The only comfort we can allow ourselves is that however badly we behaved the Catholic Church behaved even more appallingly. Most certainly the savages wore cassocks but it was a feeble and compliant state that directly supported – financially and legally – the institutions that hosted these litanies of horror.

It was not a case of throwing Christians to the lions but rather a case of throwing children to them. The children were martyred because of their poverty and our indifference. In this context it may be less than fair to attack the Catholic Church for the deal it secured from Bertie Ahern’s 2002 government on the very last day it was in office. The deal capped compensation the Church it might pay victims of abuse at €128 million.

The 11th-hour nudge-nudge collaboration agreed by former education minister Michael Woods was a failure of government, maybe even a remnant of the culture of deference and abject subservience that facilitated the torture in the first place.

It rubbed salt into wounds already deep enough.

Already we hear calls for the deal negotiated by Sister Elizabeth Maxwell and Sister Helena O’Donoghue on behalf of 18 religious orders to be revisited with a view to getting the Church to pay more. Of course the Church should pay much, much more but the state is culpable too and we must recognise that.

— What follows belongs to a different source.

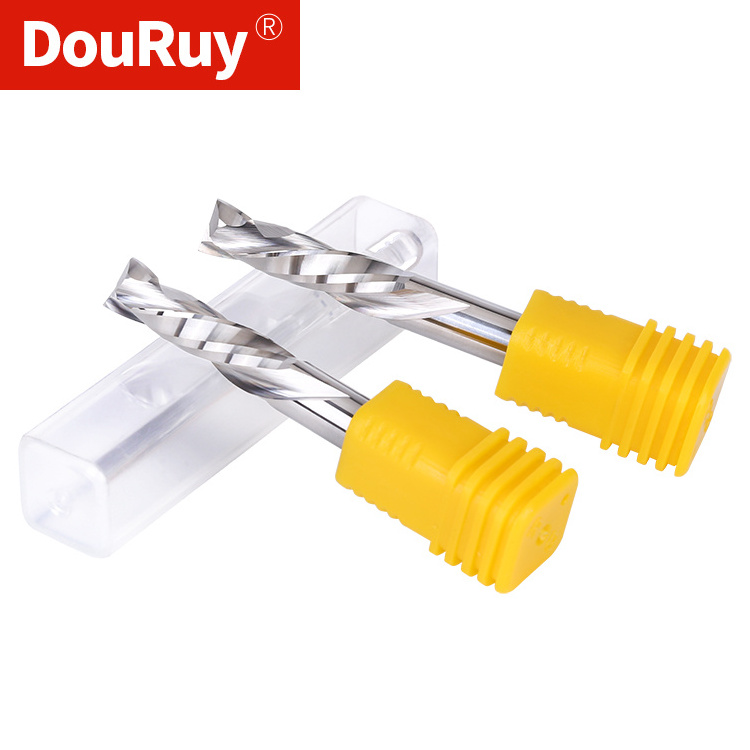 DouRuy 3A cnc Fresa Solid Carbide 2 Flutes Compression End Mills milling Cutter Carbide Endmill Wood Cutting Up And Down Cut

When that disastrous Woods deal was finalised it was opposed by the Department of Finance. Neither the department nor the Attorney General, chief legal adviser to the Government, were involved in the negotiations. This puts it in the all too familiar category of a rearguard stroke pulled by Fianna Fáil to placate powerful interests found out in wrongdoing.

In any event, all this argument about revisiting the deal could be academic. If all the expressions of regret and shame, of pain and anger offered by the country’s leading Catholic churchmen – even the Christian Brothers have acknowledged great wrongs – on the publication of Mr Justice Seán Kelly’s report were as deep and heartfelt or as culture changing as we have been encouraged to believe, then the Church will recognise that it should pay much, much more than 10% of the final abuse bill.

The reality is that the Catholic Church has not yet met its obligations under the get-out-of-jail deal agreed with Woods and Ahern seven years ago.

Of the €66m pledged in property transfers, less than €20m has been signed over. About another €10m or so is tied up in paperwork and there are difficulties with other properties.

As ever, actions speak louder than words.